Various ‘private’ associations were created during the 18th century, influenced by the rise in ‘new monied’ wealthy industrialists. This was in parallel with the increased desire for an exclusive (elite) society, along with membership of coffee houses, gentlemen’s private clubs, and the rising popularity of masonic lodges. Lower level organisations, such as the Oddfellows and Forrester’s emulated masonic orders to support the ambitions of the working classes. These provided companionship along with insurance against sickness, holiday relief and some protection in old age.
The first of the orders of chivalry, formed during the 12th century, was the military Order of Malta along with the Order of St John (Knights Hospitaller). This was followed by the military Order of the Temple of Jerusalem (Knights Templar) then the Order of St Lazarus and the Orders of St Mary’s Hospital in Jerusalem (Teutonic Knights).
Chivalric orders of knights were created by European monarchs to emulate the old military orders and to influence the behaviour of gentlemen during the 16th century Renaissance. Artificial orders of chivalry, including the Order of the Golden Fleece in 1423, were created to promote loyalty. Pseudo-chivalric orders developed in the 14th and 15th centuries were self-proclaimed and without statutes or restricted membership. There are many monarchical dynastic orders, where presidency is attached to a specific monarch. Honorific orders are numerous, and their insignia may simply consist of a badge.
The modern ranks of most European orders are Grand Cross or Grand Corden, Grand Officer, Commander, Officer, Knight, or Chevalier. British honorific ranks (including some members of the Commonwealth) comprise Knight Grand Cross, Knight-Commander, Commander, Officer, and member. The leading order in Britain being that of the Garter, contains the Sovereign and Knights Companions.
Unfortunately, there are so many self-styled orders (since the 18th century) some of which have been short-lived and without sovereign support. There is an International Commission for Orders of Chivalry that can pass judgement over authenticity of questionable orders.
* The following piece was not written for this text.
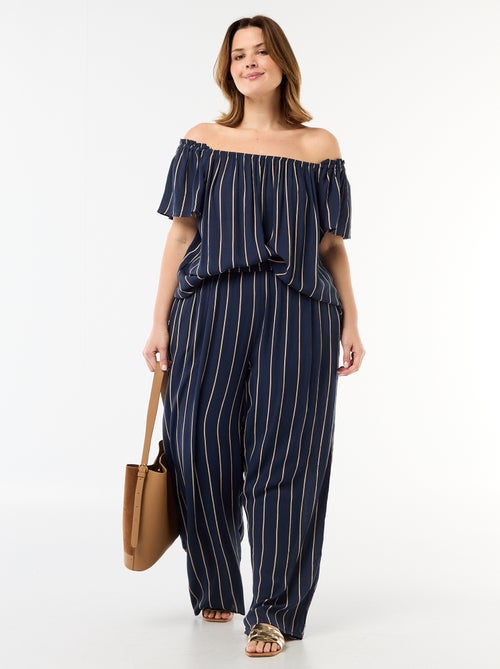 Blouse fluide crêpée à manches courtes - Kiabi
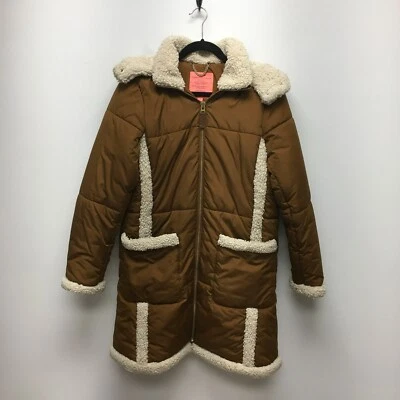 J Crew Womens Brown PrimaLoft Snowday Hooded Full Zip Signature Puffer Jacket MT - Image 1 of 4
NB – In discussing these ‘honourable societies’ I should make it abundantly clear that the Association of Freemen of England and Wales along with the numerous borough Gilds/Guilds throughout the nation, have no formal connection with these ‘other’ organisations. The FEW applies ‘Courtesy’ as its motto and anticipates that all members are polite and even minded. FEW regalia employ suitably designed robes and badges that have similarities with other ancient civic organisations, all of which have some historical relevance.
Members of FEW are not disqualified (or deterred) from belonging to various orders but are required to respect the independence of our representations, that are strictly of borough freedom.
The Sovereign Military and Hospitaller Order of St John of Jerusalem, of Rhodes and of Malta, was founded in 1048 as a religious order and an order of chivalry
Interestingly, Shelleys have played a significant part in the history of the Order. Sir John Shelley Kt. was slain while valiantly resisting the Siege of Rhodes 1522, by the huge Ottoman forces of ‘Suleiman the Magnificent’. His nephews subsequently took up the cause of St John. Sir Richard Shelley, Grand Cross was elected Turcopolier (Crusade leader) of the reconstituted ‘Tongue of England and elected Grand Prior in 1561. His brother, Sir James Shelley Kt. Grand Cross, was Commander of Templecombe. In Malta, a house bought by Sir James Shelley in Valletta to serve the English Auberge, was still known in the 1800s as the ‘Maison Anglaise et Shelley’. His brother Sir Richard Shelley, the Grand Prior and ambassador, died in Venice in 1590.